*Work required:* Your copy starts at the line containing "Lot of 2 Aircast" and ends at the last line of the material below. Reproduce those lines exactly, with no pictures.
○ ○ ○ ○ ○ ○ ○
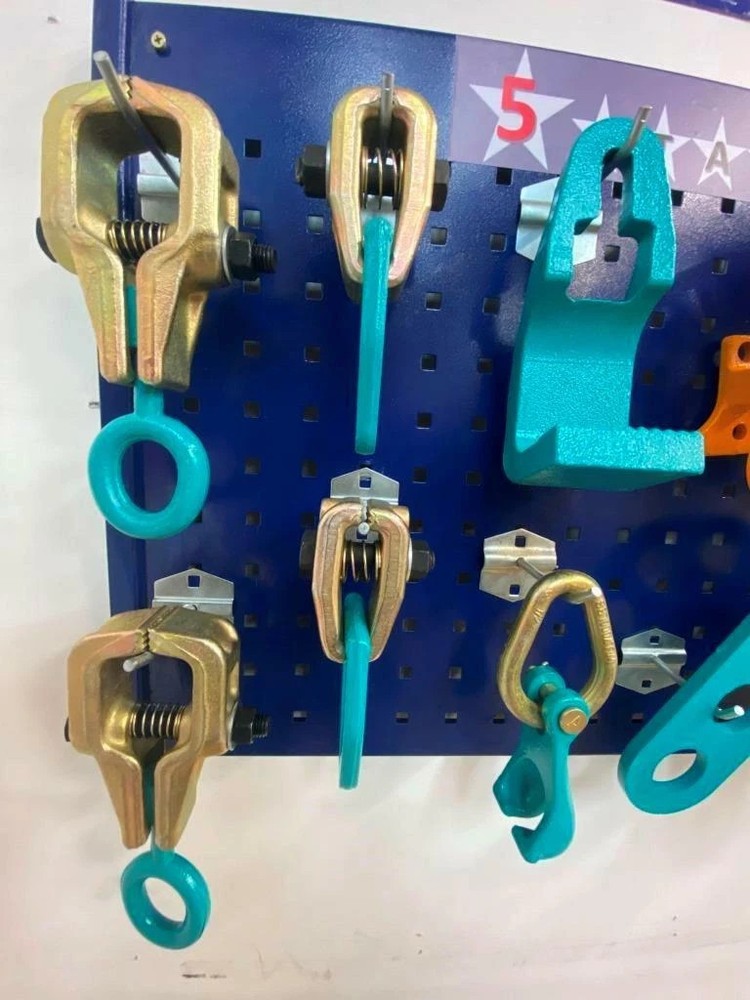 SET#11 - 14 PIECE PULLING HEAVY DUTY AUTO BODY FRAME MACHINE TOOLS AND CLAMPS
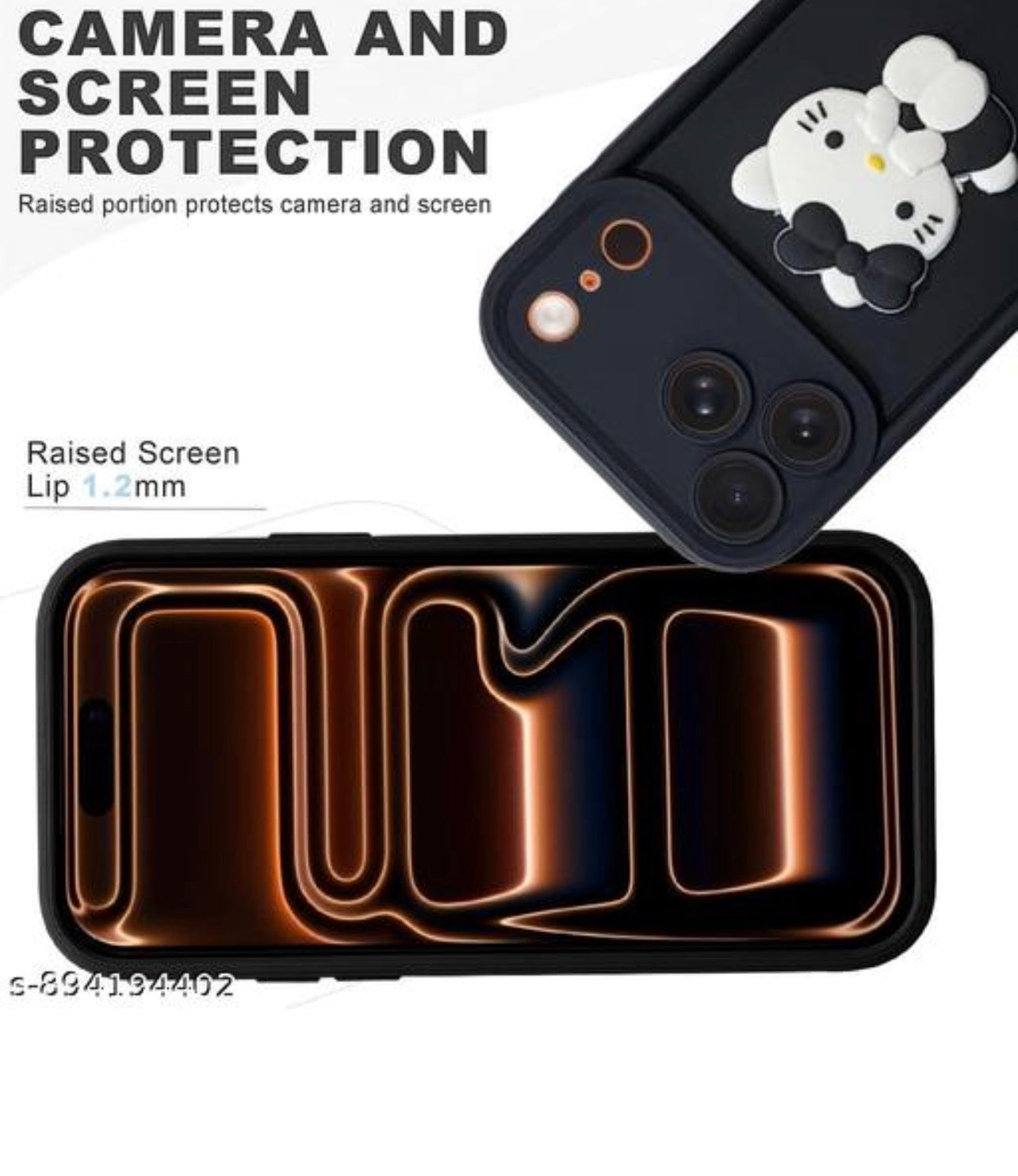 Happy Kitty 3D Case for iPhone 17 Pro Max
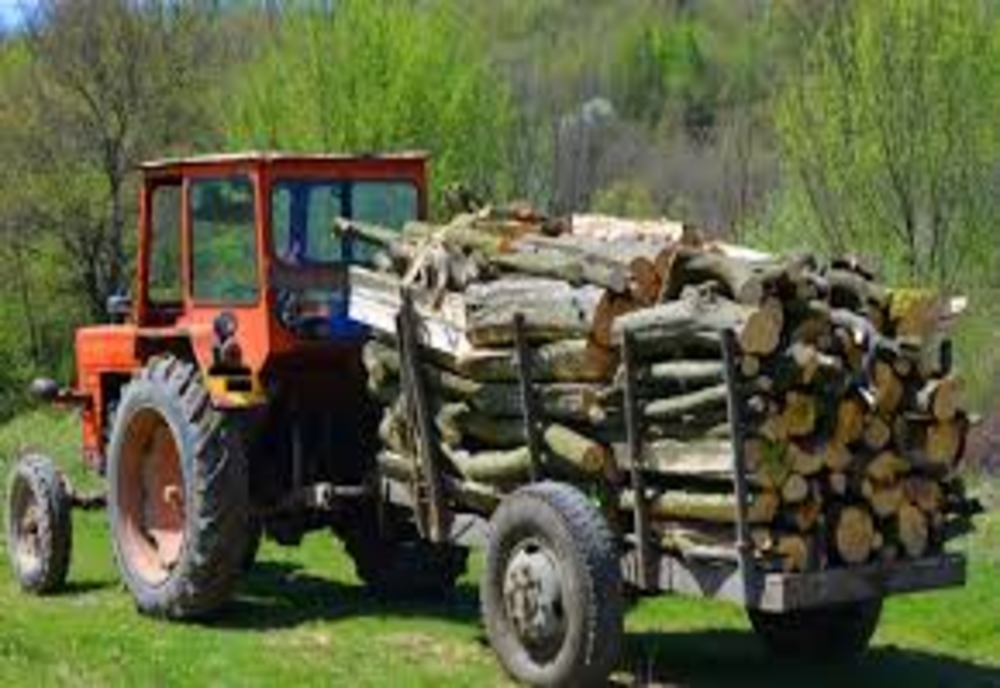 La furat de lemne cu o remorcă neînmatriculată și un tractor fără ITP și asigurare
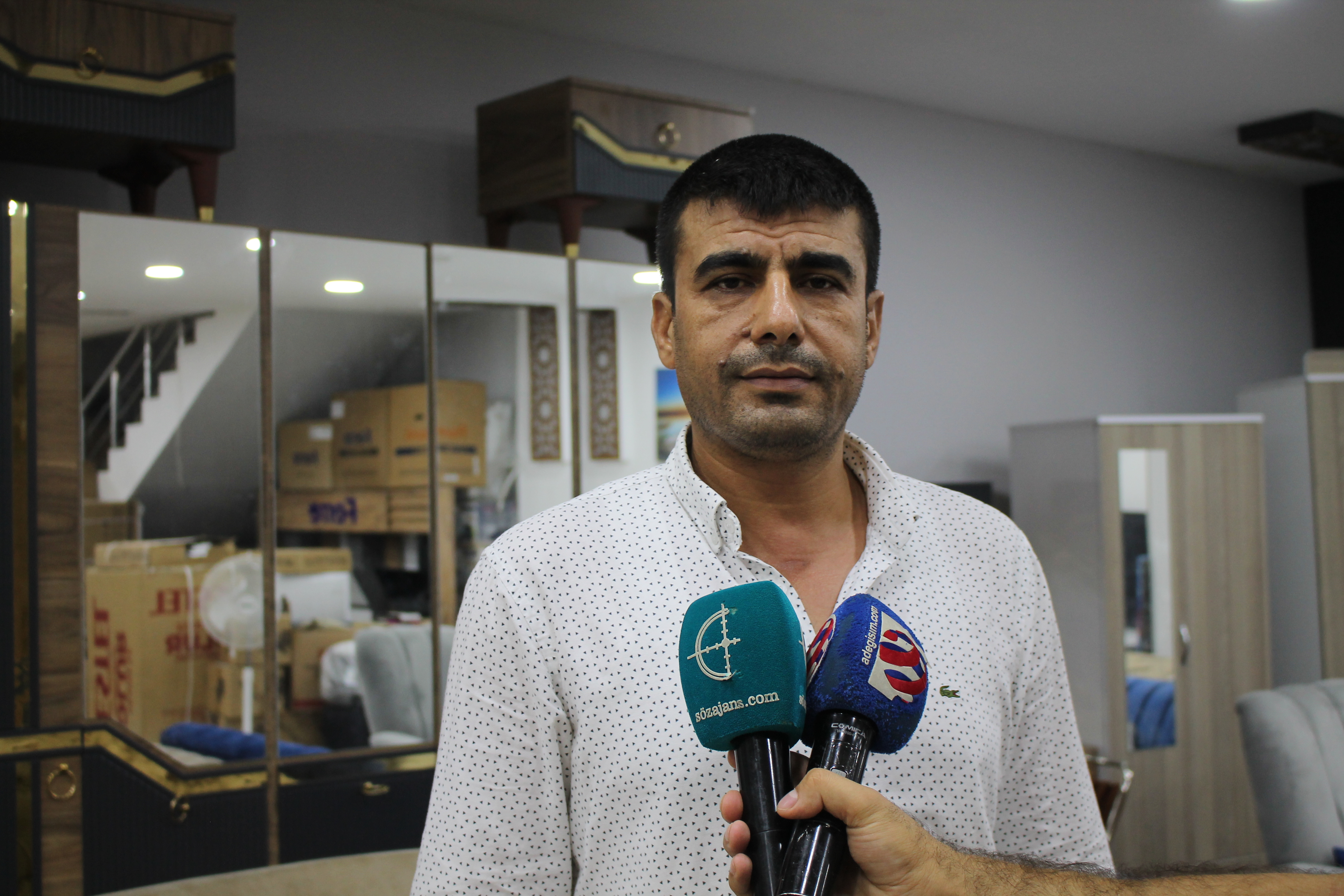 Şanlıurfa,spotçu pazarında durgunluk devam ediyor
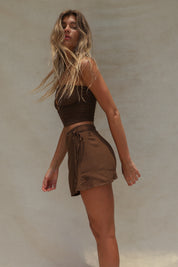 Coco Smocked Cut-Out Tube Top - Coconut Oil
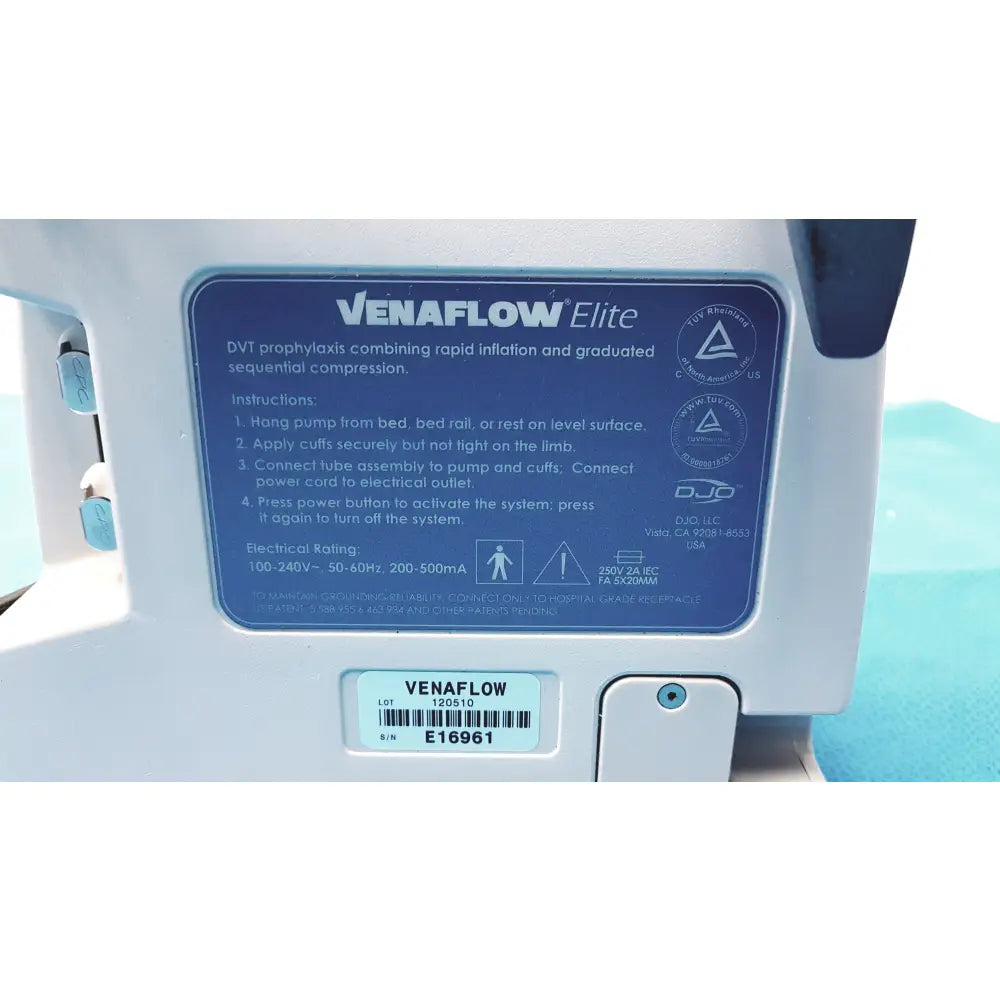 Lot of 2 Aircast VenaFlow Elite Vascular System - Intermittent Pneumatic Compression System
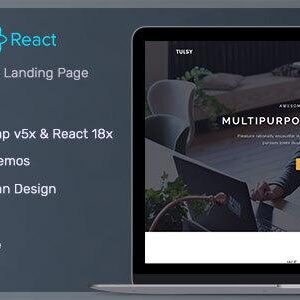 Tulsy Nulled – Multipurpose React Landing Page Template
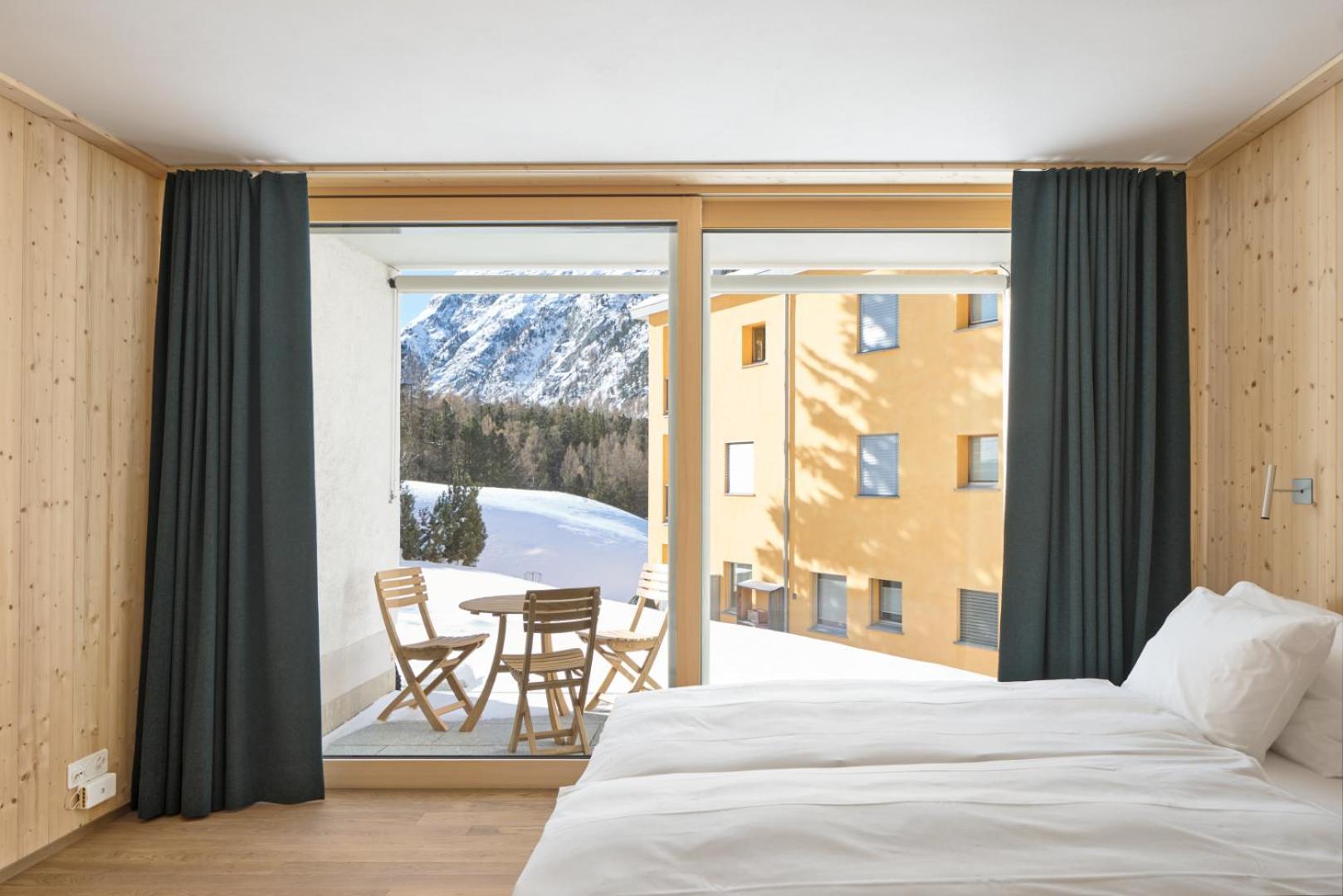 Hotel Maistra 160 Pontresina Quarto foto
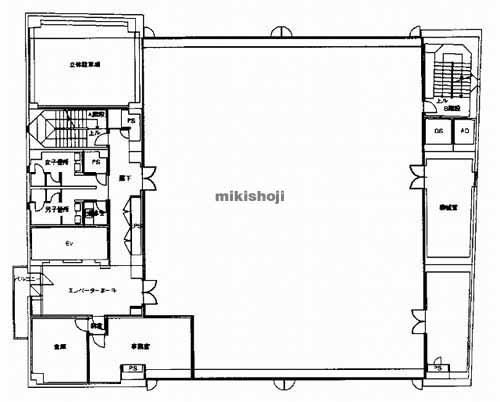 三井住友海上京都ビル 平面1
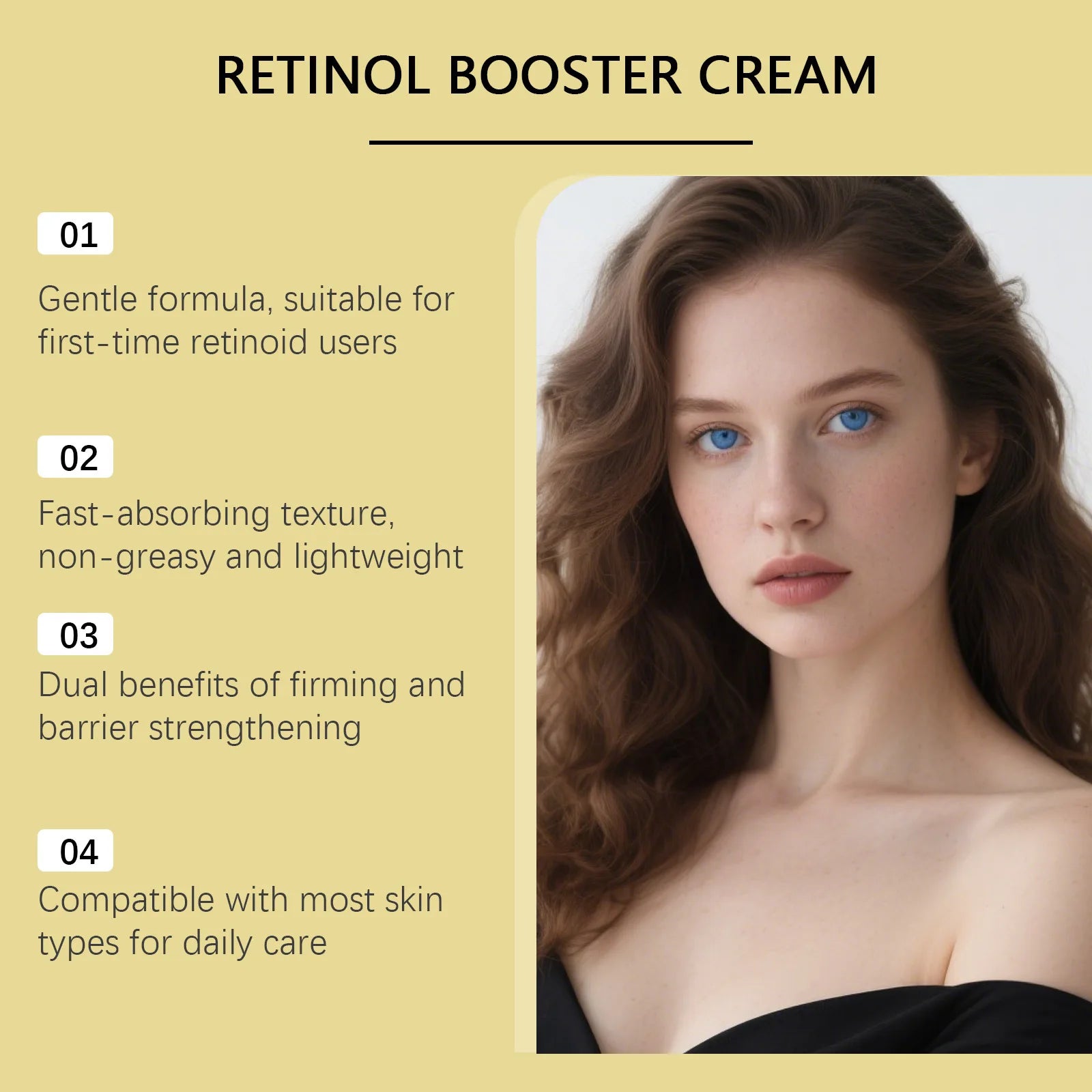 Retinol Face Cream – Dark Spot Fader, Lifting & Skin Barrier Repair Retinol Face Cream Zpaxo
○ ○ ○ ○ ○ ○ ○
*Result for this exercise:*
 Lot of 2 Aircast VenaFlow Elite Vascular System - Intermittent Pneumatic Compression System
 Tulsy Nulled – Multipurpose React Landing Page Template
 Hotel Maistra 160 Pontresina Quarto foto
 三井住友海上京都ビル 平面1
 Retinol Face Cream – Dark Spot Fader, Lifting & Skin Barrier Repair Retinol Face Cream Zpaxo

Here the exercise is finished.